A San Lorenzo lo frieron. Es un santo con mucho sentido del humor, me dice su mamá, cuando lo estaban cocinando dijo denme vuelta que aun falta el otro lado. Tal vez por eso lo canonizaron, pienso, por mostrarse tan dispuesto ante la tortura. Allí el santito de yeso, que es asombrosamente pequeño, sostiene en su mano la parrilla en la que lo achicharraron. Eso si que es un buen chiste.

Concede milagros y según fui viendo es bastante eficiente porque tiene peticiones de peregrinos de toda la región. Algunas hasta por escrito. En agradecimiento, los fervorosos le traen milagritos; figuritas de plata: una patita, un bracito, un par de ojos, unos senos o un corazón atravesado por un puñal, depende del favor. También rodean su altar de vestidos de novia, de quinceañera, de ropitas de bebé, de fotografías, de flores.

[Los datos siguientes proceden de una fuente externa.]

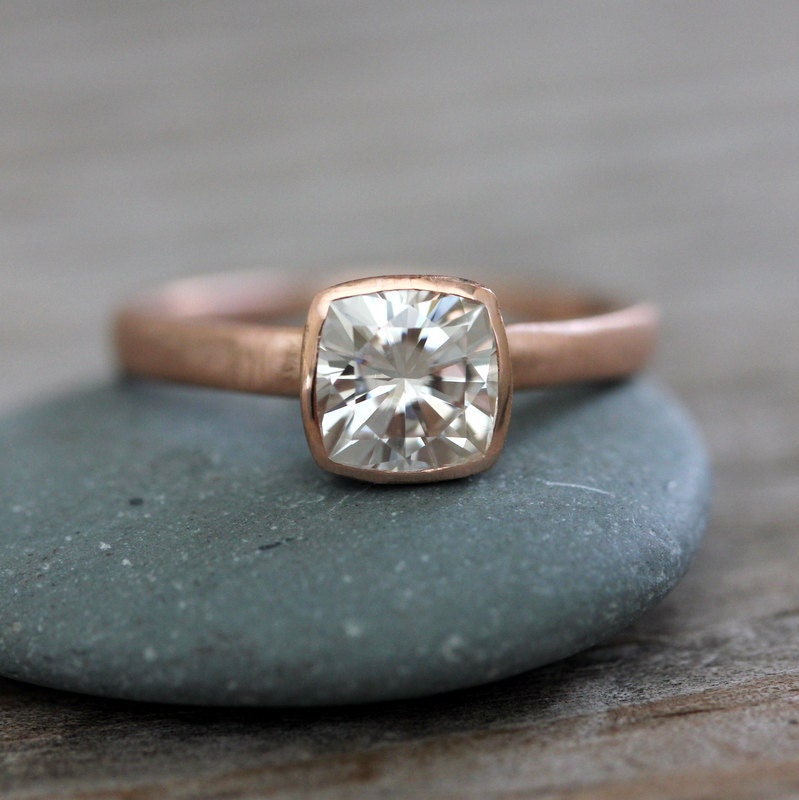 A handmade Cushion Cut Rose Gold Engagement Ring.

San Lorenzo tiene una nave personal, adyacente a la nave donde está el altar en la que se celebran las misas, pero más grande. La cantidad de velas colocadas por todas partes supera con creces las que rodean la imagen de cierta virgen pálida que conocí en una ocasión y que tiene muchísimo menos sentido del humor que San Lorenzo. El calor de allí avergüenza al sol picante del desierto. No sé si por fe o por sofocón, él se arrodilló. Le pidió algo a San Lorenzo y puedo sospechar qué, pero no estoy segura.

A la salida, su papá me compró una Coca-Cola. Yo me ahogaba.